Muda Yusuf, its director general, who said this in an interview, noted that high debt service would deny the economy the desired funding for critical infrastructure projects necessary to build a globally competitive economy.
Besides, Yusuf said the debt service burden of the country would be worsened under a currency depreciation, especially when productivity in the economy remains low, describing this as the foreign exchange risk to external borrowing.
The LCCI scribe also raised concern over the rising debt profile of the government, describing it as unsustainable especially as revenue sources are thinning out.
The debt profile grew by 127 per cent from N12.6tn in 2015 to N28.6tn as of the end of March 2020.
Yusuf said although 14.3 per cent of the debts were debts owed by the state governments and the Federal Capital Territory, there was cause for worry.
He said, “The capacity to service the current stock of debt raises serious sustainability concerns.
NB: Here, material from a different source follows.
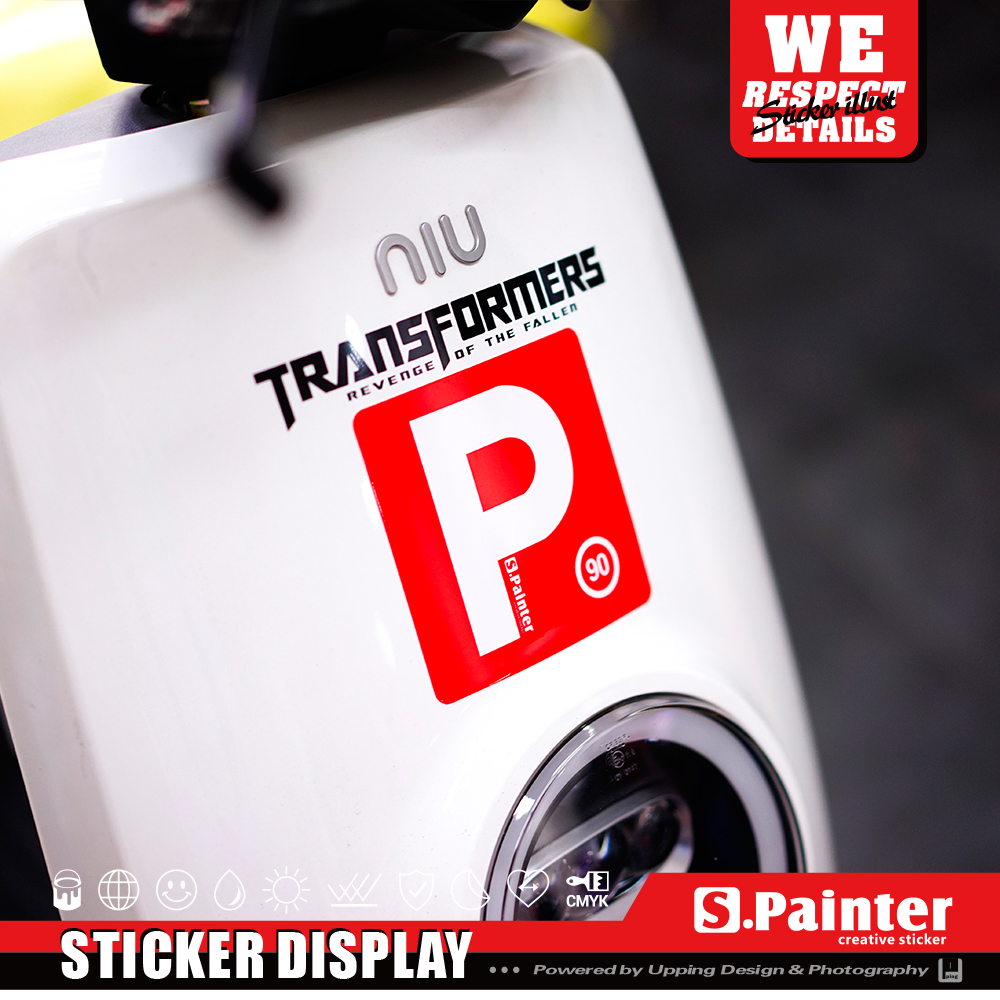 S P stickers agency novice road stickers Rear P word warning car stickers Hong Kong-style creative decorative reflective stickers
“For instance, the debt service provision in the 2019 budget was a whooping N2tn whereas the total capital budget was N2.9tn. This implies that the debt service commitment was 70 per cent of capital budget allocation.
“Only recently, the National Assembly approved the revised 2020 budget of N10.8tn.
“The recurrent component was N4.9tn, which is 45.4 per cent. The capital component was N2.49tn, which is 23 per cent of the budget.”
“The debt service component is N2.95tn, which is 27.3 per cent.
“It follows that the sum of the recurrent provision and the debt service provision represent 73 per cent of the budget.
With the plunge in revenue, he said, the capacity to fund both the recurrent and debt service would be severely constrained.
This would put capital project funding at a great risk, he noted.
“All these underline the imperative of reforms to reduce recurrent expenditure, especially the cost of governance,” he said.
The director-general said it was critical as well to ensure appropriate policy choices to attract equity domestic and foreign private sector capital for economic and social infrastructure financing.